TASK BRIEF: Copy the data below exactly. Any pictures in it should be omitted.
┌──
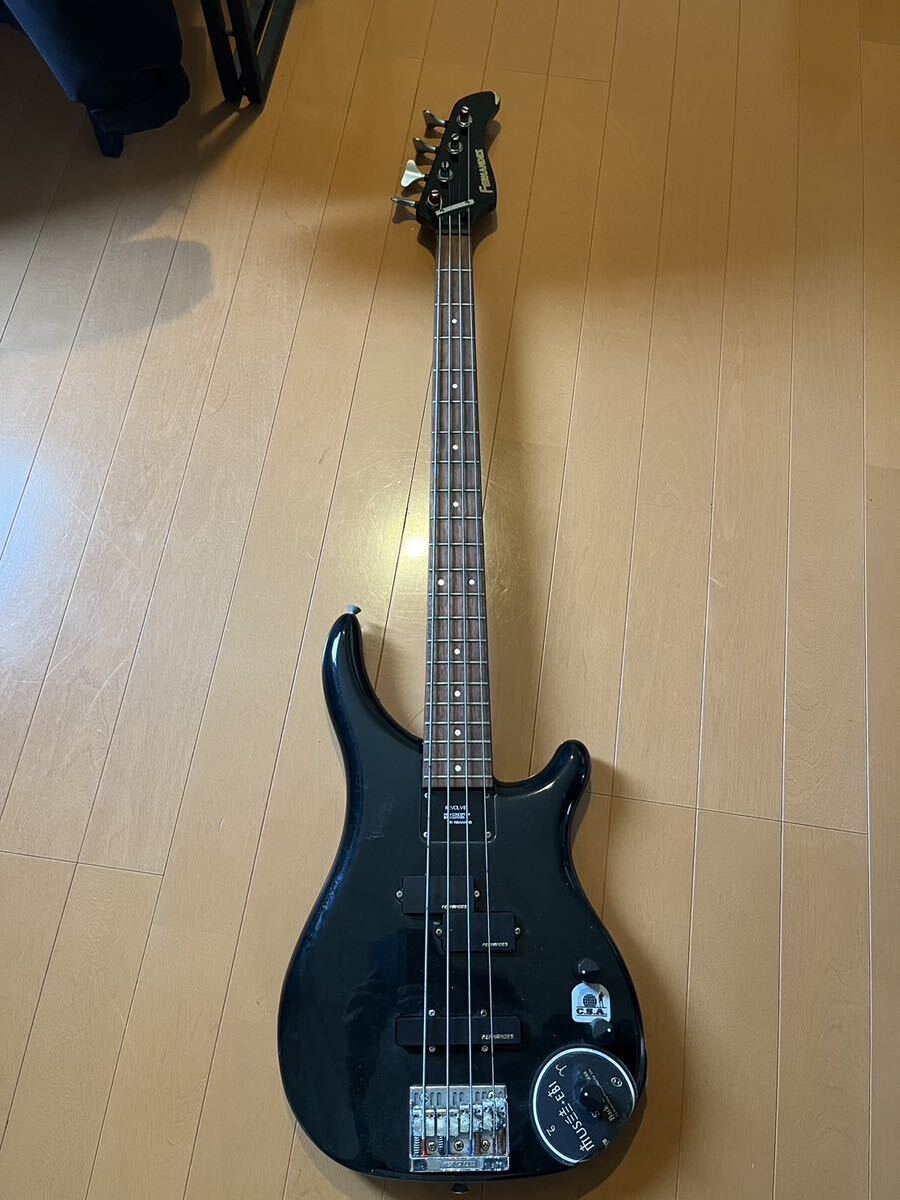 ♪FERNANDES REVOLVER BASS フェルナンデス　リボルバー　ベース_画像1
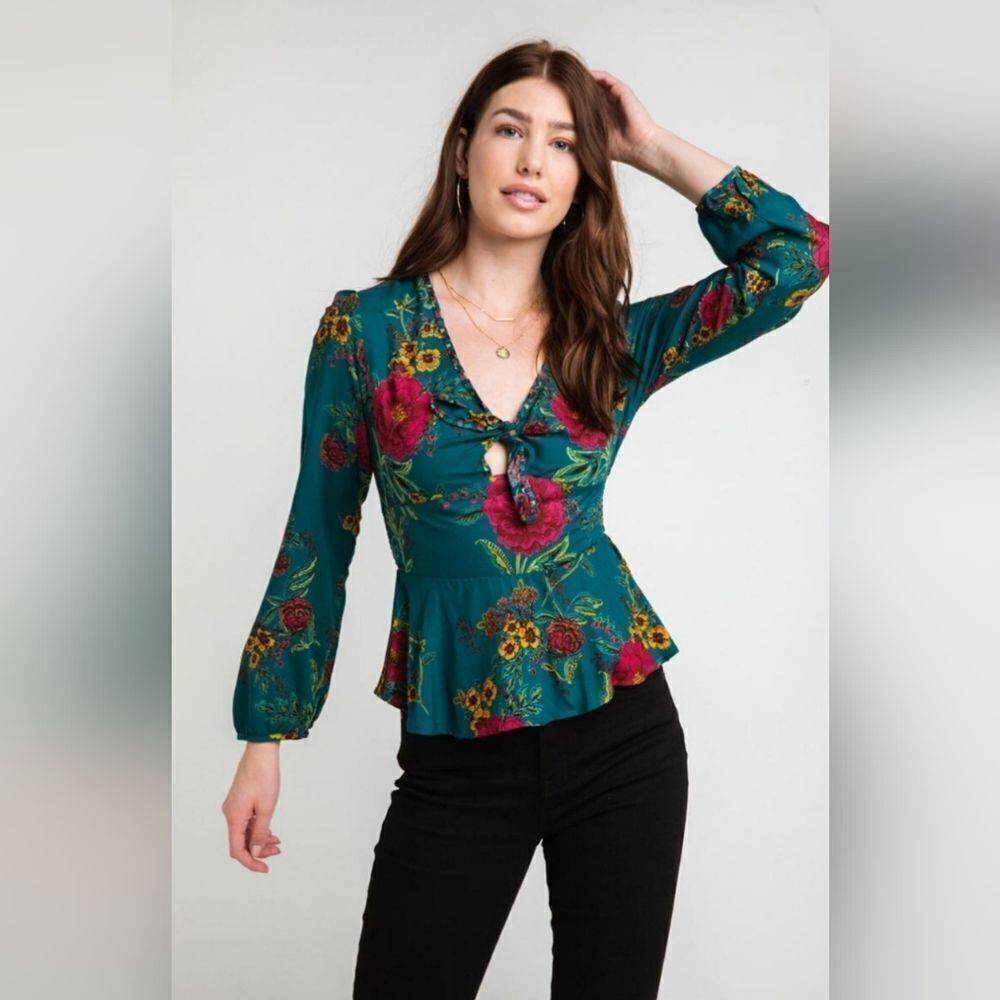 Gypsy Love floral top‎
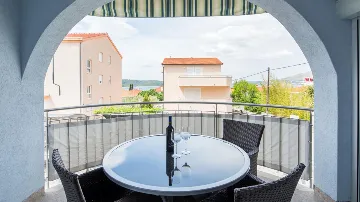 Sea View Balcony Apartment in Okrug Gornji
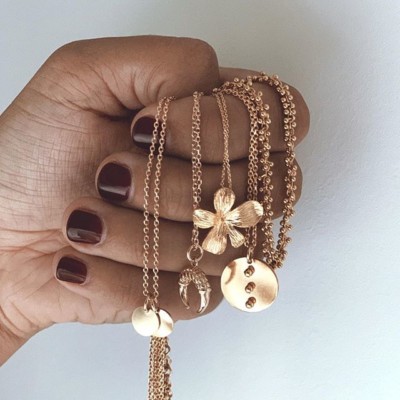 // BRADERIE // Très privée et stock limités. Bijoux en plaqué or I qui résistent à la vie I à partir de 20€ // Craquez vite, c’est en ligne jusqu’au 7 juin Choisir c’est renoncer ️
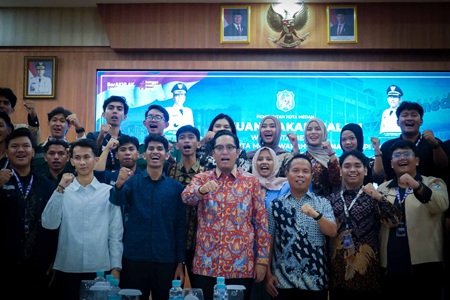 Rico Waas saat menjamu peserta Musyawarah Nasional (Munas) Forum Komunikasi Mahasiswa Politeknik se-Indonesia (FKMPI) XXVII di Pendopo Rumah Dinas Wali Kota, Kamis (17/9/2026) malam.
└──
SOLUTION TO THIS TASK:
 ♪FERNANDES REVOLVER BASS フェルナンデス　リボルバー　ベース_画像1
 Gypsy Love floral top‎
 Sea View Balcony Apartment in Okrug Gornji
 // BRADERIE // Très privée et stock limités. Bijoux en plaqué or I qui résistent à la vie I à partir de 20€ // Craquez vite, c’est en ligne jusqu’au 7 juin Choisir c’est renoncer ️
 Rico Waas saat menjamu peserta Musyawarah Nasional (Munas) Forum Komunikasi Mahasiswa Politeknik se-Indonesia (FKMPI) XXVII di Pendopo Rumah Dinas Wali Kota, Kamis (17/9/2026) malam.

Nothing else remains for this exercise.